Она вздыхает и усаживается на ступеньки фонтана.
— Это не удивительно, когда приходится идти по канату между сестрами и братьями Основателями, способными вонзить нож в спину, и фанатиком, который возжелал победить смерть. При этом приходится еще и следить, чтобы они в своей смехотворной войне не разорвали Систему в клочья. Это совсем не то, что проектировать здания и заводить любовные интрижки на Марсе.
Он опускается рядом, но предусмотрительно выбирает ступеньку пониже. Затем он обхватывает руками колено и отклоняется назад.
— Я понимаю. Потому и пришел сюда. Похоже, ситуация ухудшится.
— Что ты хочешь этим сказать?
— Матчек Чен завладел камнем Каминари.
Она глубоко вздыхает.
— Почему ты говоришь об этом мне?
— А как ты думаешь? Потому что я собираюсь его украсть.
Она смеется.
— Я должна была это предвидеть, — говорит она. — И я полагаю, тебе требуется моя помощь?

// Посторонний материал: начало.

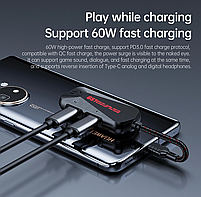 Зовнішня звукова карта 3 в 1 стерео Plextone GS1 usb Typec-C Hi-Res роз'єм з адаптером зарядного пристрою, фото 3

— Не совсем так. — Он берет ее левую руку. Ладонь у него теплая и крепкая. — Жозефина, если я потерплю неудачу, ты знаешь, каким будет мой конец.
Он взмахивает свободной рукой, и между большим и указательным пальцем неожиданно появляется цветок с яркими заостренными лепестками.
— Он поможет тебе отыскать меня, когда это произойдет. То есть, если ты этого захочешь.
Она берет цветок. Умный маленький вор. В материи Цветка закодирована информация, переведенная ее гоголами в форму вира. На молекулярном уровне лепестки представляют собой бесчисленные ряды остроконечных соборов, содержащих данные. Они устанавливают рамки модальной логики и доказуемые свойства работы нейронов, как у гогола. Цветок — это пустая оболочка личности, ждущая своего заполнения.
— Как это романтично, Жан, — произносит она. — Ты просишь меня спасти тебя из тюрьмы даром? А не лучше ли попросить напильник в пироге?
— Ты никогда не была сильна в кулинарии, особенно в выпечке. И я даже на мгновение не допускал мысли о том, что из тюрьмы можно выбраться даром.
Она на мгновение замораживает его в замедленном времени, а сама отдаст приказ боевым гоголам проверить цветок на наличие ловушек. Гоголы ничего не находят. Только тогда Жозефина возвращает нормальное течение времени и вдыхает аромат цветка. Тонкий приятный запах с оттенком меда, напоминающий о лете.
— Жан, — говорит она, ощущая в груди странное тепло. — Это ведь Матчек. Ты потерпишь крах, и мне кажется, сам об этом знаешь. Зачем ты идешь на это? На Марсе, среди маленьких людей, ты был счастлив.
— Я не думал, что для тебя это имеет значение.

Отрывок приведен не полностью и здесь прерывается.